Seit Vicky in der Banater Tanzgruppe mit dabei ist, gab es viele schöne Auftritte. Ein Highlight war die Kirchweih in München 2017, bei der nach einem festlichen Gottesdienst im "Alten Peter" mitten am Marienplatz getanzt wurde. Einheimische und Touristen staunten gleichermaßen über die schönen Trachten. Diese wurden auch stolz jedes Jahr im Winter beim großen Schwabenball präsentiert.

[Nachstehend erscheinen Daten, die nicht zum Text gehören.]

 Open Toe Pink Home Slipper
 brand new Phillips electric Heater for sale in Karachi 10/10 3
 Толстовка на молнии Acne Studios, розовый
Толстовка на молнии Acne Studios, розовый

Etwas Außergewöhnliches war auch die Teilnahme der Gruppe am Trachten- und Schützenzug beim Oktoberfest 2018. Der Festzug führte 7 km über die schönsten Straßen und Plätze zur Theresienwiese. Die Kinder, damals noch sehr klein, bewältigten die Strecke ohne die geringsten Schwierigkeiten. Es machte ihnen sogar sichtlich Spaß zu laufen und in die Menge zu winken. In unserer Familie freuten sich vor allem die Großeltern: väterlicherseits, weil sie die Erste aus der echten Münchener Familie ist, die mitgemacht hat. Und meine Eltern freuten sich, dass ihre jüngste Enkelin als Erste in der Familie die Banater Tracht trägt.


Ein erster "interkultureller" bayerisch-banatschwäbischer Auftritt mit den Münchener Schäfflern fand im Februar 2018 vor Vickys Großelternhaus in München-Harlaching statt.

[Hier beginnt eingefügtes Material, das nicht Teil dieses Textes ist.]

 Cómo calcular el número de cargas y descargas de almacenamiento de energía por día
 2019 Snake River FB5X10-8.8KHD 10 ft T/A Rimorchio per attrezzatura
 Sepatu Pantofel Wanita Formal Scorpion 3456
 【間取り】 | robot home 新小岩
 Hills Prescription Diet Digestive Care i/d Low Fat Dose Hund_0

Die traditionsbewußten Münchener Großeltern pflegen schon seit vielen Jahren, die Fassmacher in den roten Jacken und schwarzen Kniebundhosen vor ihr Haus einzuladen. Die Schäffler, die ja traditionell in München nur alle 7 Jahre tanzen, waren einer alten Legende zur Folge die Ersten, die sich nach einer großen Pestepidemie wieder auf die Straße gewagt hatten. Mit ihrem lustigen Buchsbaumbogen Tanz hatten sie vor 500 Jahren den Leuten, die sich aus Angst vor Ansteckung nicht aus ihren Häusern getraut hatten, Mut gemacht, wieder auf die Straße zu kommen.

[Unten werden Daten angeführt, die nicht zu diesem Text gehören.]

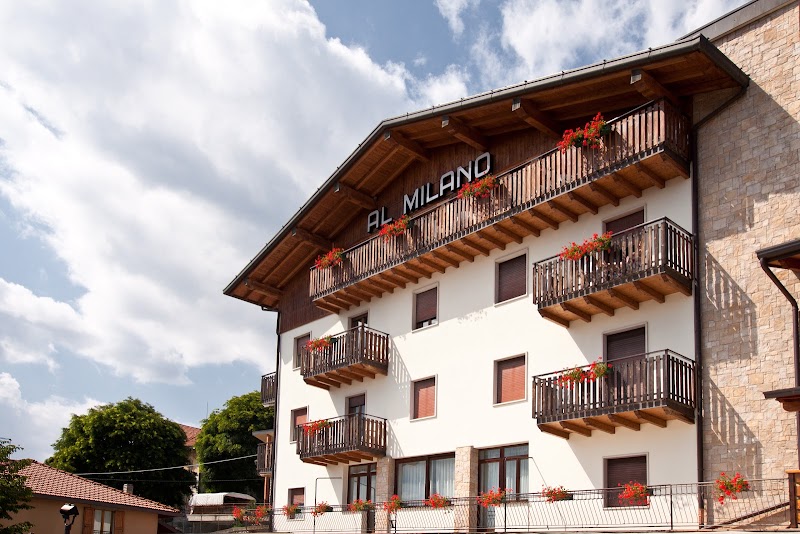 Hotel Ristorante Milano in Iseo, Italy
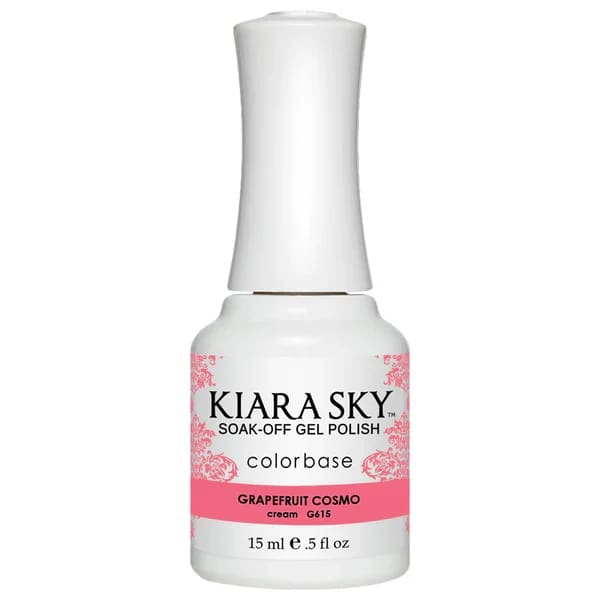 Kiara Sky Color Base - G615 Grapefruit Cosmo - OceanNailSupply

Das letzte unvergessliche Fest, an dem wir im Rahmen der Banater Tanzgruppe München teilnahmen, waren die Heimattage in Temeswar im Juni 2019. Trotz ungewöhnlich großer Hitze nahmen etwa 250 Trachtenpaare an der Parade teil, die durch die Temeswarer Altstadt führte. Für mich war es ein berührendes Erlebnis. Fast vierzig Jahre nachdem ich die Stadt verlassen hatte, lief meine Tochter, so alt wie ich damals beim Abschied, in der Tracht unserer Vorfahren auf dem Corso. Vor der Oper und am Freiheitsplatz wiegten sich die Paare in Walzer- und Polkaschritt, die bunten Trachtenröcke leuchteten vor der Kulisse des alten Temeswar.


Heuer werden die Heimattage in der Hauptstadt des Banats coronabedingt am 29. und 30. Mai im Internet stattfinden.

Dass es möglich ist, auch digital einen gelungenen Heimattag zu veranstalten, hat die HOG Billed schon am Pfingstsonntag auf Youtube vorgemacht → Billeder Heimattag 2021.

Die Banater Schwaben sind also präsent, vorläufig im Internet und hoffentlich bald auch wieder live bei ihren traditionsreichen Veranstaltungen.